Limited companies – easy to open – not so easy to close!

Opening up a limited company is an easy process.  Documents are submitted to Companies House and the company is a legal entity in its own right.

When it comes to closing a company though, there are a few pitfalls to watch out for.

Directors may want to close their companies for all sorts of reasons, it may be no longer financially viable, the directors may want to retire and there is nobody to take the company on or the directors simply want to get their cash out.

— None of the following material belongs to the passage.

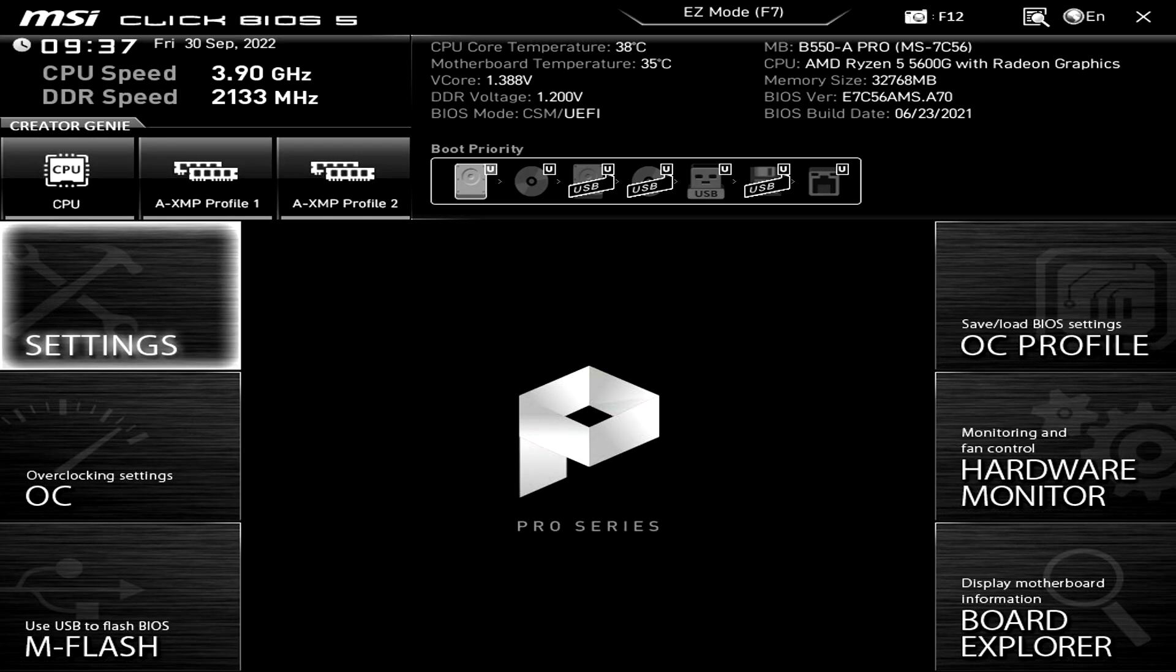Once you're in the BIOS you now need to enable secure boot. Depending on what motherboard you have will depend on how you can do this. I'm using an MSI B550, so if you have an MSI motherboard then the method for you should be very similar to what I have to do. If you don't, then you may have to Google how to enable secure boot on your motherboard, but it's normally pretty similar to this.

One way to close a limited company is by ‘strike off’, however, to qualify for this process the company must:

•             Not have traded or changed names within 3 months

•             Is not threatened with liquidation

•             Has no agreements with creditors, such as a CVA

For a company to be struck off in this way, the directors must tell all interested parties, HMRC and employees.  Assets must be disposed of properly and accounts brought up to date and closed off.  Any assets remaining in a company which has been struck off will become property of the crown in the absence of any legal owner as will any monies held in a bank account, which must be closed on the day of dissolution.

Many directors are trying to use the striking off procedure as an alternative to placing their company into liquidation. Directors beware as the Insolvency Service have the powers to issue director disqualification proceedings against directors who strike off their companies. Creditors may also object to the strike off and take steps to wind up the company.